Spain’s ambassador to Israel will also be summoned for a reprimand over Sanchez’s comments, which came several hours after Hamas claimed responsibility for a Jerusalem shooting attack in which three Israelis were killed and six were injured.
The Prime Minister’s Office said in a statement that Prime Minister Benjamin Netanyahu had instructed Cohen to summon the envoy after the Spanish premier’s “shameful remark on a day in which Hamas terrorists murdered Israelis in our capital Jerusalem.”

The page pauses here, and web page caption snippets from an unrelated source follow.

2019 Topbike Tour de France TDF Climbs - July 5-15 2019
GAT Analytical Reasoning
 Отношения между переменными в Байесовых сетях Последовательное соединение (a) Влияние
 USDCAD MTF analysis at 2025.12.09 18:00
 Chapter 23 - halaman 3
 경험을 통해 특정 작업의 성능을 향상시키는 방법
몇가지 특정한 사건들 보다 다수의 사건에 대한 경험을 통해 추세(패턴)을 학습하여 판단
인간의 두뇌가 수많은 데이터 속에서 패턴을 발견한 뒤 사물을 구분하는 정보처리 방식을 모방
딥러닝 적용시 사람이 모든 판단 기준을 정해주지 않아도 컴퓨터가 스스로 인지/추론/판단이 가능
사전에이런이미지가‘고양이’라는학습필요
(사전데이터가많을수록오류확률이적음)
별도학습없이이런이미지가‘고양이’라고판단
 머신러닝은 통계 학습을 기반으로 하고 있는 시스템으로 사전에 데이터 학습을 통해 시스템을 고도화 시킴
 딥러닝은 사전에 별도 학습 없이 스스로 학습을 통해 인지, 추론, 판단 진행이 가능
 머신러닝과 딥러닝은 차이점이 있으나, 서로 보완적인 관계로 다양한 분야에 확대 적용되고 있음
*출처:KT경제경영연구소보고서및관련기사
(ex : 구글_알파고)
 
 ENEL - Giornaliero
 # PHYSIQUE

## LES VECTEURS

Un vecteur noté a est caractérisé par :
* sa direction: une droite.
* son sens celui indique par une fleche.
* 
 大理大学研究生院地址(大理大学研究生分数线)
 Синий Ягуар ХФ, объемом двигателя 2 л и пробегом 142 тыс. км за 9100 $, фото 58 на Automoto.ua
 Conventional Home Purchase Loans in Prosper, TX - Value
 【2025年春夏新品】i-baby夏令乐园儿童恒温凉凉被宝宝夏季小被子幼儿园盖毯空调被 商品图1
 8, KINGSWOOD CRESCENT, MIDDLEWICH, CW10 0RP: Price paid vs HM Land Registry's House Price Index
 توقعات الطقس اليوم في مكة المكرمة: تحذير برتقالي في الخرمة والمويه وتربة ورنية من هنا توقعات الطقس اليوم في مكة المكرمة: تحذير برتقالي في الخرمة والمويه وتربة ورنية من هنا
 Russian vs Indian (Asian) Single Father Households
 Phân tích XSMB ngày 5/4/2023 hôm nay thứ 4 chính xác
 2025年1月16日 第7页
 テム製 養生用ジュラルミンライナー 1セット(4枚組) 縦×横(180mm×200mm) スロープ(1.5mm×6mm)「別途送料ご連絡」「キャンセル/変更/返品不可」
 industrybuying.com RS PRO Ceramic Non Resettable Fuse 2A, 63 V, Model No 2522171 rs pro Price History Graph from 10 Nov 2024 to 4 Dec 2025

In an interview with Spanish state-owned broadcaster TVE on Thursday, Sanchez said, according to a translation by Reuters: “The footage we are seeing and the growing numbers of children dying — I have serious doubt [Israel] is complying with international humanitarian law.”
In the same interview, Sánchez urged the European Union to recognize a Palestinian state, claiming it would help end the current conflict and “stabilize” the region.
“It is obvious that we must find a political solution to put an end to this crisis and this solution requires, in my opinion, the recognition of the Palestinian state,” he said. “It is in Europe’s interest to address this issue out of moral conviction because what we are seeing in Gaza is not acceptable.”
Israel’s war with Hamas in Gaza was triggered by the terror group’s deadly onslaught on October 7 in which thousands of terrorists burst through the Gaza border into Israel, killing more than 1,200 people amid horrific brutality and taking some 240 hostages.
In response, Israel launched an aerial campaign and subsequent ground operation, vowing to eliminate the terror group and end its 16-year rule in the Gaza Strip.
The Hamas-run health ministry in Gaza has said that more than 15,000 Palestinians have been killed since October 7, most of them civilians. These numbers cannot be independently verified and are believed to include members of Hamas and other terror groups, as well as Gazan civilians killed by misfired Palestinian rockets.
Spain’s ambassador was previously summoned by the Israeli government for a reprimand on November 24 over a separate incident. Then, both he and the Belgian envoy were called in following remarks by Sánchez and his Belgian counterpart Alexander de Croo on the war.
The two leaders appeared at Egypt’s Rafah crossing on the first day of the temporary Gaza truce, just as the first group of Israeli hostages was set for release, and held a press conference in which they criticized the Jewish state for the suffering of Palestinian civilians.
Sánchez said then that “the indiscriminate killing of civilians, including thousands of boys and girls, is completely unacceptable.”
De Croo warned that “a military operation needs to respect international humanitarian law. The killing of civilians needs to stop now. Way too many people have died. The destruction of Gaza is unacceptable.”